Yesterday was the $5.50 movie Friday pilgrimage. We saw Brave. The original plan was to bring my granddaughters, Haliey and Elizabeth, but they are currently in the company of their mother, who doesn’t play nicely with others. So, I took Ian, ok, so he’s twenty and a guy—minor technicalities!
It was hot outside, and so the theater was busy. And we weren’t expecting much. I was there for the music, and the Celtic (Scottish) landscapes. Both met expectation – even in the animation!
Brave tells a very different sort of Disney/Pixar story. It’s the story of a girl. I know, I know what you’re going to say, what about The Little Mermaid, Beauty and the Beast, Cinderella, Snow White?
Pfft! I say. Those are stories about how a helpless, innocent/naive girl is saved, rescued, and elevated to a noble stature through a man. This movie has none of that. Merida doesn’t need, or want, the help of Prince Charming. Well, there isn’t really a Prince Charming, but there are plenty of Prince-Not-So-Charmings. Plenty.
The story begins with the traditional contrary princess, doing all sorts of traditional princessy things: being doted on by her father, having temper tantrums, being trained to be a perfect lady by her mom, the queen (who easily could have been Cinderella or Snow White)—so she can meet and marry Prince Charming.

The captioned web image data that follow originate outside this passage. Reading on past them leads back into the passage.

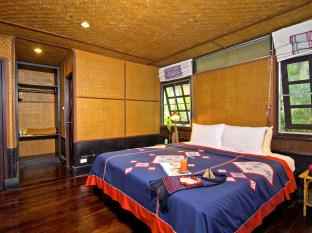 ホング ヒルトライブ ロッジ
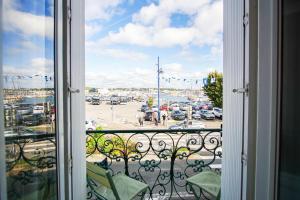 a balcony with a view of a parking lot at -BOSCO- Elegant T3 avec balcon et vue sur le port in Concarneau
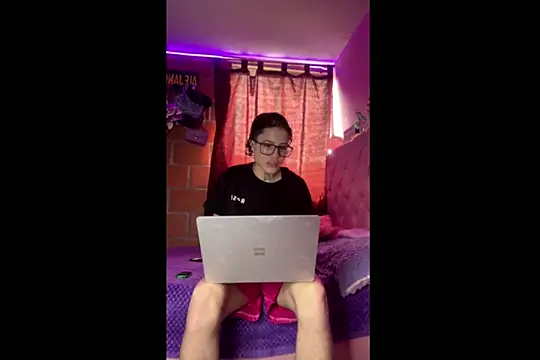 Snapshot of Ale_cuzz chatting on 21, 4, 2026 Ale cuzz online show from 21, 4, 2026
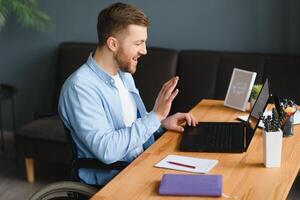 gehandicapt virtueel assistent in rolstoel maken afgelegen telefoongesprek. foto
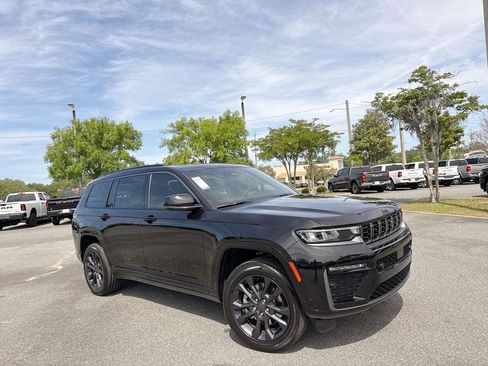 New 2026 Jeep Grand Cherokee L Limited AWD/4WD image 1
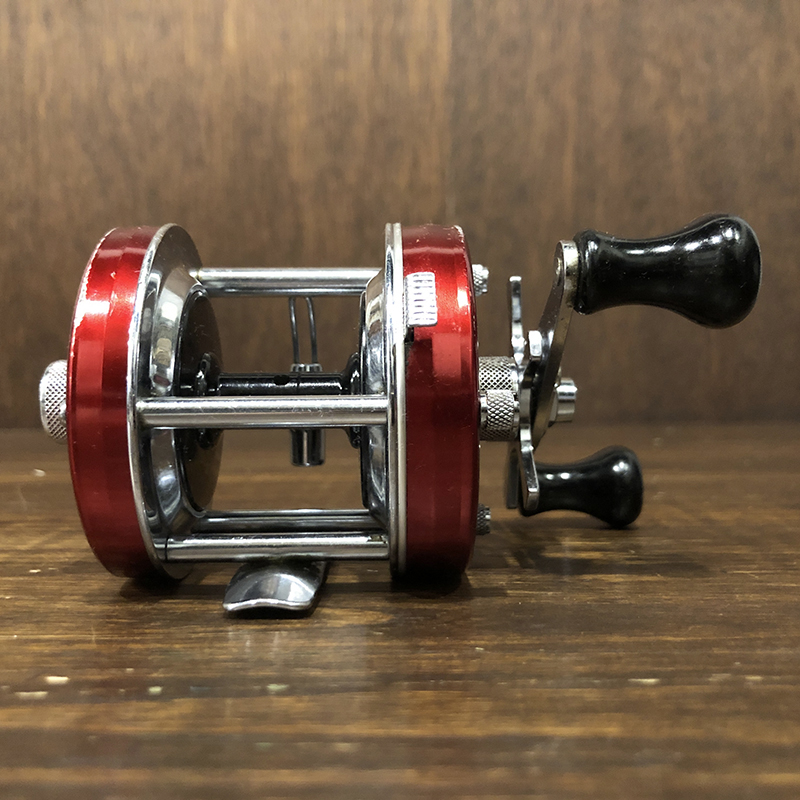 Abu Ambassadeur 5500 Cherry Red Bait Reel New High Speed 780600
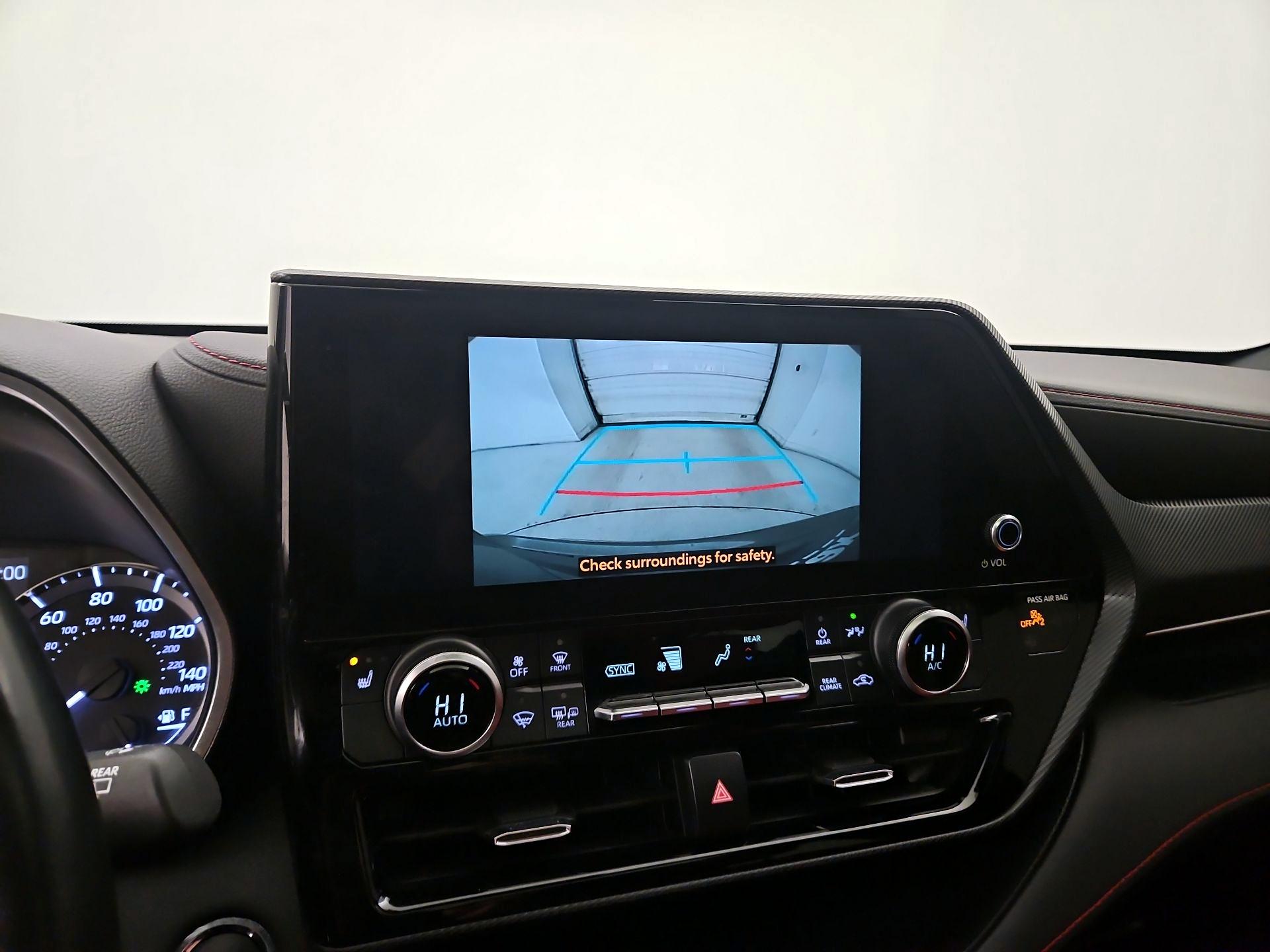 Thumbnail: 2023 Toyota Highlander - 14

But then there’s a twist. Merida isn’t interested in Prince Charming. She’s interested in being strong, riding horses, shooting a bow, being free. In an America that is witnessing a “war on women” this was refreshing.

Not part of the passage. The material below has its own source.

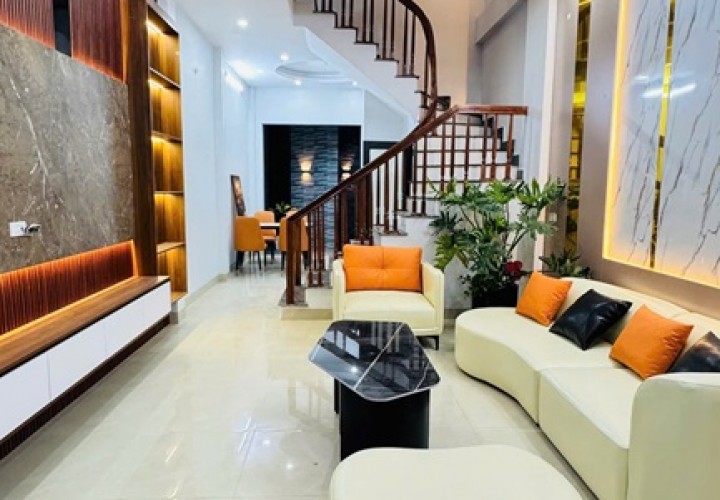 VỊ TRÍ ĐẸP - GIÁ TỐT - Chính Chủ BÁN NHÀ 3 TẦNG THIẾT KẾ HIỆN ĐẠI  Đường Ngô Gia Tự, TP Nam Định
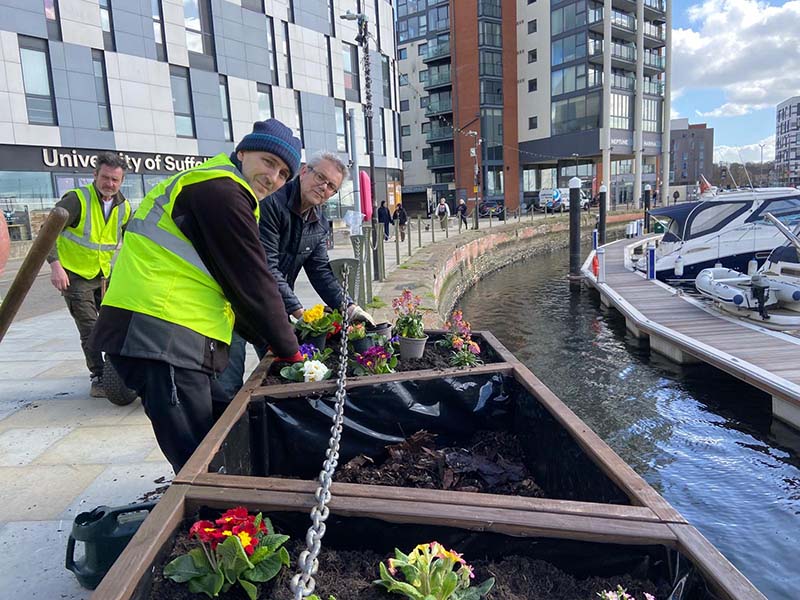 Waterfront Planter Scheme supported by Ipswich Volunteer Groups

The film was filled with a refreshing feminist commentary: girls can be strong. They can stay in touch with their intuitive side without sacrificing themselves. Girls can ride, and shoot, and still be able to acknowledge the fairies of the forest. A young woman can be balanced.
Even the witch, because every Princess movie has to have a witch, isn’t really scary in the traditional sense. She’s a little OCD, and sort of a one-horse-show. A one bear show. But there is no sense of evil around her. She’s more like the crazy cat, well bear, lady at the end of the road.
There’s no sense of evil around anyone. There are just circumstances, and emotions. I like it. And I like that, in the end, Merida teaches her mother that success can be had outside the box. I like the lesson. Be who you are, stand up for your rights; be brave. It is a lesson that young women need to hear. It is a lesson that older women need to remember having learned. Maybe it’s a lesson that will stick and my granddaughters will live in a world that offers equality. Perhaps, they won’t have to fight for equal pay, equal rights, and the power to make decisions about their own bodies…
Timely film. Well played Pixar. Well played.